Antes de abandonar Amarante, Arturo, Maria Manuel y yo fuimos en coche a la finca de la familia Vasconcelos, que además de ser extensa, tenía una enorme mansión blanca con doble escalinata de piedra, material que igualmente enmarcaba puertas, ventanas y adornos sobre el tejado. El poeta "Pascoaes" pasaba aquí largas temporadas, atendido por un joven matrimonio de caseros. En un enorme salón-cocina con chimenea observé un hueco en el suelo, del tamaño de una persona.
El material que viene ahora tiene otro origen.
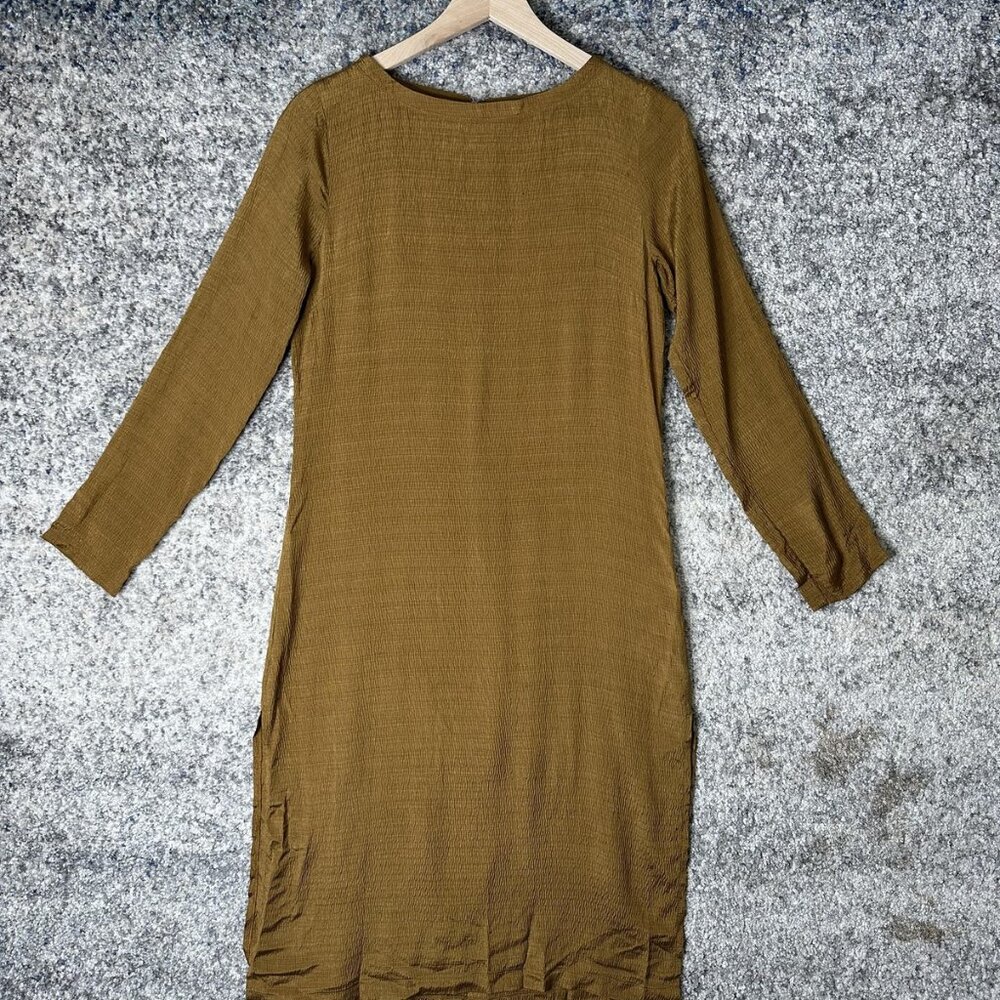 Reformation Dress Womens Small Brown Long Sleeve Textured Midi‎ Made USA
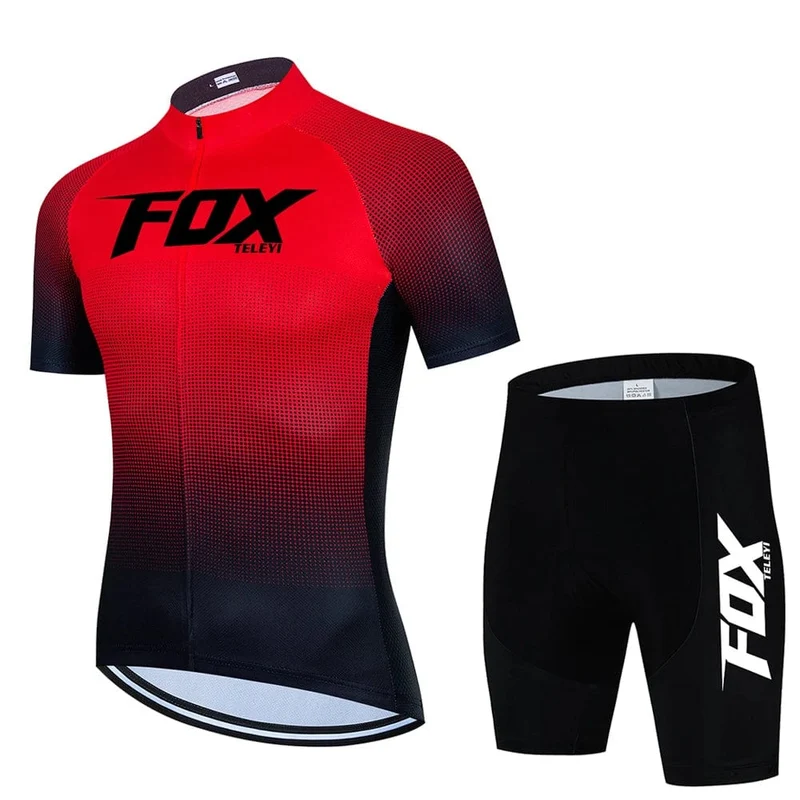 2024 fox teleyi Radfahren Trägerhose Herren MTB Fahrradtrikot Kleidung Sommer Komplette Rennradkleidung Schnelltrocknendes Sportset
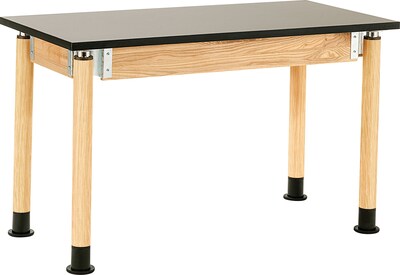 NPS® 30x60 Chemical-Resistant Height-Adjustable Science Table; Oak Legs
María Manuel me aclaró:
- Aquí se bañaba mi tío.
Y salió un momento del salón.
Al ver mi cara de perplejidad, Arturo me comentó por lo bajo:
-"Pascoaes" tenía una relación, diríamos que polivalente, con el matrimonio de caseros.
No pregunté en qué consistía exactamente esa polivalencia. María Manuel volvió con una caja de latón bastante grande y de donde yo pensaba que sacaría magdalenas, mantecados, rosquillas o cualquier cochura casera, me fue mostrando un buen número de cartas manuscritas e inéditas, cada una en su sobre, dirigidas a su tío por Unamuno, Ortega y Gasset, Ramón Pérez de Ayala, Joan Maragall, así como de muchos escritores portugueses. Aquello era un tesoro que, según he visto después buscando en las redes, los investigadores han ido publicando.
Y al día siguiente, después de los protocolarios agradecimientos y cortesías, Arturo y yo partimos en un taxi hacia su casa, en las cercanías de Paço de Sousa.